View Single Post
Old 05-05-09, 12:33 AM
  #6  
DylanJ
Member
 
Join Date: May 2008
Posts: 43
Mentioned: 0 Post(s)
Tagged: 0 Thread(s)
Quoted: 0 Post(s)
Likes: 0
Liked 0 Times in 0 Posts
Can't make any assumptions but most crashes are greatly contributed to by fatigue. So first piece of advice would be to acknowledge when you are tired and take proper precautions.

Also, I see you're preparing to ride with a small lane of travel but simply riding and getting a good feel for the bike is going to be about as good of preparation as trying to stay in a small lane. I know that's a lot easier to say after you've fallen, because it wouldn't really apply if nothing bad happened. But doing what you did isn't going to help you much, it'll just assess where your control of the bike is at.
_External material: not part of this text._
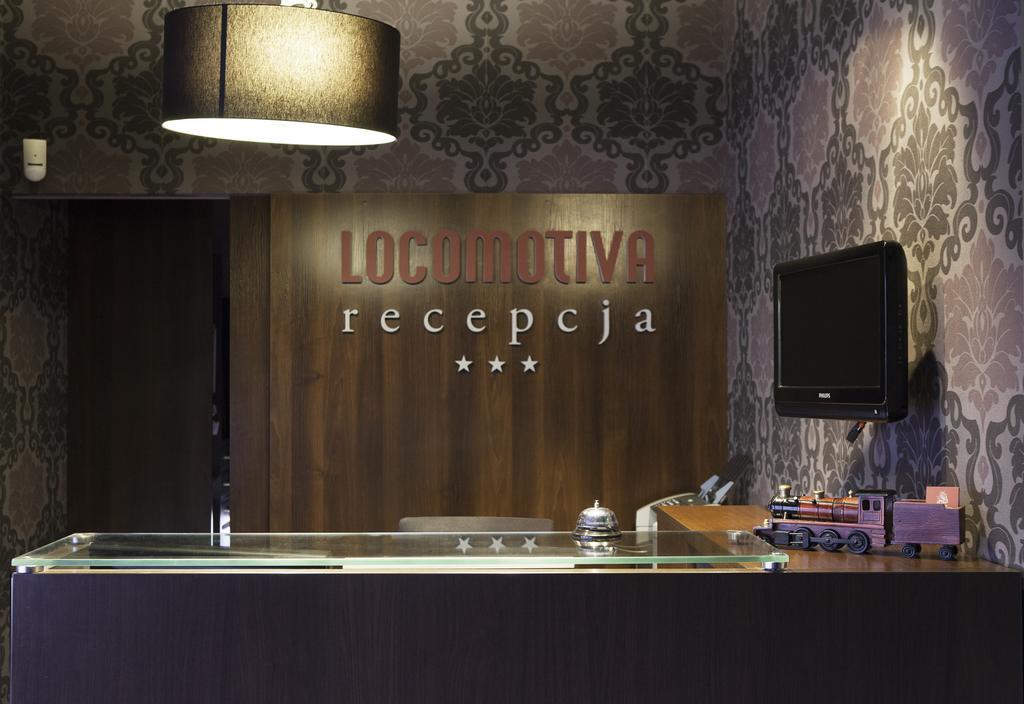 Locomotiva Люблин Экстерьер фото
Having ridden a BMX bike when I was younger and mountain bike more recently, I had to adjust to riding a road bike. The small tires make handling very touchy and make it a lot easier to take a spill. I've ridden off the trail a couple times on accident and haven't fallen but I feel in danger when it happens. When you accidentally get off the trail, treat it somewhat like you would losing control in a car (hydroplaning, driving on snow/ice, flat tire): try to go as straight as possible as you work toward recovery.

Have you ever crossed railroad tracks or received advice about doing so? I've been on two organized rides (Flying Wheels and STP) and both had railroad tracks and both had crashes at the railroad tracks. Not sure that applies to your crashing, but it might for the second crash. If the front wheel doesn't have enough momentum to get up over the curb it will follow the line of the curb which will most likely cause you to crash. And of course it will take less momentum to get over the "curb" the closer you are to a perpendicular approach.